STONITH – Allows Ec2 instance to start, stop and reboot instances.

 {
    "Version": "2012-10-17",
    "Statement": [
        {
            "Sid": "Stmt1424870324000",
            "Effect": "Allow",
            "Action": [
                "ec2:DescribeInstances",
                "ec2:DescribeInstanceAttribute",
                "ec2:DescribeTags"
            ],
            "Resource": "*"
        },
        {
            "Sid": "Stmt1424870324001",
            "Effect": "Allow",
            "Action": [
                "ec2:ModifyInstanceAttribute",
                "ec2:RebootInstances",
                "ec2:StartInstances",
                "ec2:StopInstances"
            ],
            "Resource": [
                "arn:aws:ec2:region-name:account-id:instance/i-node1",
                "arn:aws:ec2:region-name:account-id:instance/i-node2"
            ]
        }
    ]
}

Overlay IP – Allows the Ec2 instance to update the route table in case of failover.

       {
    "Version": "2012-10-17",
    "Statement": [
        {
            "Sid": "VisualEditor0",
            "Effect": "Allow",
            "Action": "ec2:ReplaceRoute",
            "Resource": "arn:aws:ec2:region-name:account-id:route-table/rtb-XYZ"
        },
        {
            "Sid": "VisualEditor1",
            "Effect": "Allow",
            "Action": "ec2:DescribeRouteTables",
            "Resource": "*"
        }
    ]
}

Replace the following variables with the appropriate names:

region-name: the name of the AWS region.
account-id: The name of the AWS account in which the policy is used.
rtb-XYZ: The identifier of the routing table which needs to be updated.
i-node1: Instance ID for the Db2 primary instance.
i-node2: Instance id for the Db2 standby instance.

Step 4e: SAP Application and Db2 Software Install

Prerequisites:

Before starting the installation, update the /etc/hosts files of database, ASCS, and application servers with the hostname and IP address of your database, ASCS and application servers.

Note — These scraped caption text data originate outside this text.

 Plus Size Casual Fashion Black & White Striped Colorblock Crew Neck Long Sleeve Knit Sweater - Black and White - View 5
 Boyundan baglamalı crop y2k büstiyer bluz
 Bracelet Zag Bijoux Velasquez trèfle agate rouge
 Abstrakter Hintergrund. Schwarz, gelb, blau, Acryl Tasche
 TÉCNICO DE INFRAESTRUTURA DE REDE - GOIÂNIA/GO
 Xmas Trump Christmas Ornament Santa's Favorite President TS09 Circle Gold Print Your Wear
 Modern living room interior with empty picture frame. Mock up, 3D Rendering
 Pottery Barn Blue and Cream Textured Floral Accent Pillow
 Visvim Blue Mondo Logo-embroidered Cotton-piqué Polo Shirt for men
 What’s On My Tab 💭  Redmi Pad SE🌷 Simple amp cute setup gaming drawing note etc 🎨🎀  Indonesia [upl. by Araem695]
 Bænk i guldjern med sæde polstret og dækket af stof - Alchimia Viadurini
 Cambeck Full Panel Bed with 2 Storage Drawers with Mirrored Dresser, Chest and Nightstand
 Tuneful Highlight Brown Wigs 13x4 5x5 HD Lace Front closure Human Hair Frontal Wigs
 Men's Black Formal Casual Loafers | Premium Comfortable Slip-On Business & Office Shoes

This ensures that all your instances can resolve each other’s address during installation and configuration.
You need to install the following packages in your instances: tcsh.x86_64, ksh.x86_64, libaio.x86_64, libstdc++.x86_64.
Comment out the 5912 port entry in the /etc/services file (if it exists), as this port is used for the Db2 installation:

     #fis             5912/tcp          # Flight Information Services
     #fis             5912/udp          # Flight Information Services
     #fis             5912/sctp         # Flight Information Services

SAP application and Db2 software installation (high-level instructions):

Install SAP ASCS using software provisioning manager (SWPM) on the Amazon EC2 instance. Choose the installation option depending on the scenario; for example, distributed or HA in case you plan to install ERS for app layer high availability.

Figure 3 – Install ASCS
Install the primary database using SWPM on the Amazon EC2 instance hosted in AZ1.

Figure 4 – Install the primary database
Take a backup of the primary database.
Install the PAS instance. This can be the same EC2 instance used in step 1 if you want to install ASCS and PAS on one host.

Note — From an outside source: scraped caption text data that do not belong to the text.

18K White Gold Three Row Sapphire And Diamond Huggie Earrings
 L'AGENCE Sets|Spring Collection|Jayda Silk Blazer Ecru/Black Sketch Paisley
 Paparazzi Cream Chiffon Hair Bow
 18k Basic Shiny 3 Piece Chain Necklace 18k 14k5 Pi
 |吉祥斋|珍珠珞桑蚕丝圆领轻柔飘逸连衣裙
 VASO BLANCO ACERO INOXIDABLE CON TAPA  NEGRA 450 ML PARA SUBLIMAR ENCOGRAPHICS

Figure 5 – Install the PAS instance
For the standby DB installation:

Use the SAP homogeneous system copy procedure from SWPM with the option of System copy > Target systems > Distributed > Database instance.
In the SWPM parameter screen, when asked for system load type, choose Homogenous System and the backup/restore option.
When prompted by the SWPM, restore the backup you took during step 3 on the standby DB. You can exit the installer, because the subsequent installation is already completed on the primary database server.

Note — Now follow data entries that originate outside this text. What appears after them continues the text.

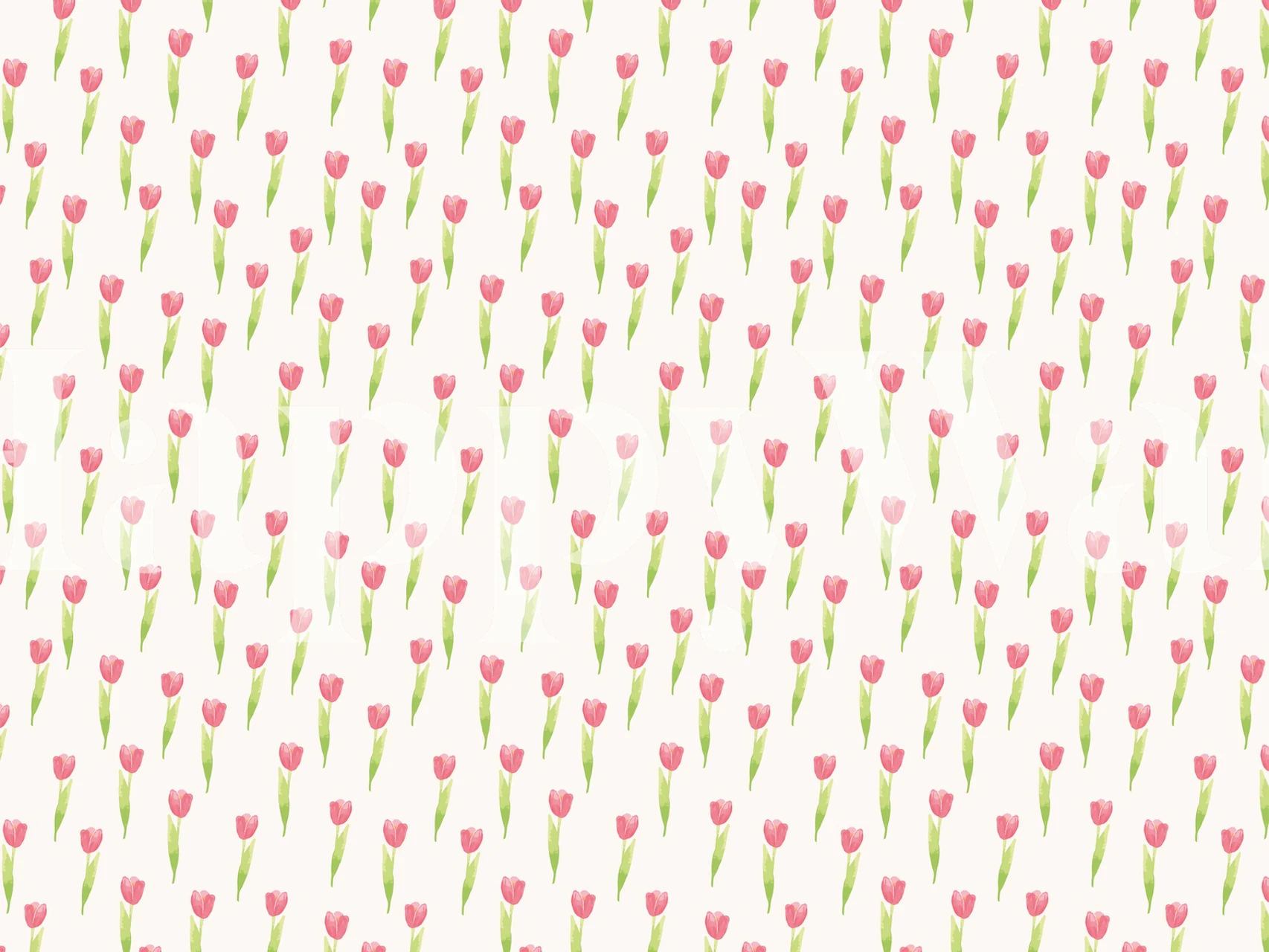 Pink tulip pattern on a light background floral wallpaper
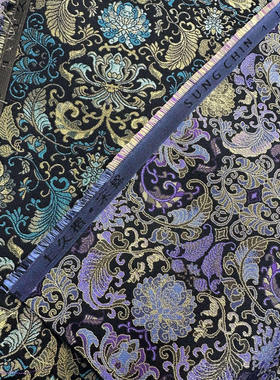 上久楷蕉叶莲绿色粉色紫色纯丝名家宋锦做小手工DIY手机壳包包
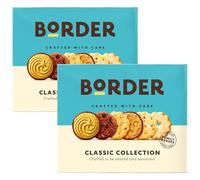 Border Biscuits Classic Collection Box 2×400 g | Assorted Biscuit Selection with Chocolate Viennese, Butterscotch Crunch, Shortbread Rings & More | Suitable for Vegetarians | Perfect for Sharing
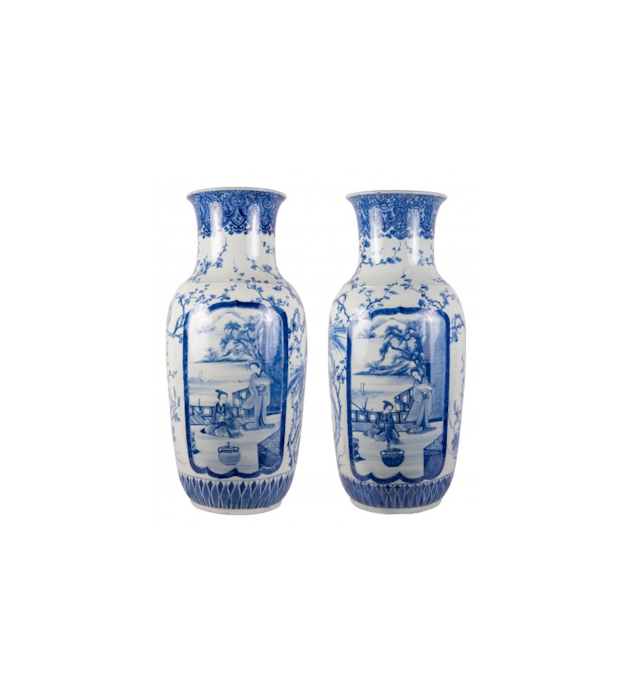 Large pair 19th Century Japanese Blue and White vases.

You should now have your ASCS, primary Db2 database, and PAS (if running on a different host than ASCS) installed and running in AZ1 of your setup. In AZ2, you should have the standby Db2 database installed and running. You can optionally install an additional application server if required to support the workload. We recommend that you distribute your application servers in both AZs.

Step 5: Db2 HADR Setup

The following steps explain how to set up HADR between the primary and standby databases. For additional references, see:

Table 3 details the steps for setup. Update the configuration commands according to your environment.

Table 3 – Db2 HADR setup

System ID (SID)	STJ
Primary Db2 database hostname	dbprim00
Standby Db2 database hostname	dbsec00
Overlay IP	192.168.1.81

To set up Db2 HADR:

Find the state of the primary database before HADR configuration by executing the following command:

      > db2 get db cfg for STJ | grep HADR
      HADR database role                                      = STANDARD
      HADR local host name                  (HADR_LOCAL_HOST) =
      HADR local service name                (HADR_LOCAL_SVC) =
      HADR remote host name                (HADR_REMOTE_HOST) =
      HADR remote service name              (HADR_REMOTE_SVC) =
      HADR instance name of remote server  (HADR_REMOTE_INST) =
      HADR timeout value                       (HADR_TIMEOUT) = 120
      HADR target list                     (HADR_TARGET_LIST) =
      HADR log write synchronization mode     (HADR_SYNCMODE) = NEARSYNC
      HADR spool log data limit (4KB)      (HADR_SPOOL_LIMIT) = AUTOMATIC(0)
      HADR log replay delay (seconds)     (HADR_REPLAY_DELAY) = 0
      HADR peer window duration (seconds)  (HADR_PEER_WINDOW) = 0
      HADR SSL certificate label             (HADR_SSL_LABEL) =

The HADR_LOCAL_SVC and HADR_REMOTE_SVC parameters require an entry in your /etc/services file. If the entry is unavailable, update the /etc/services file to include the entry. Here is a sample /etc/services file entry. The SID is STJ.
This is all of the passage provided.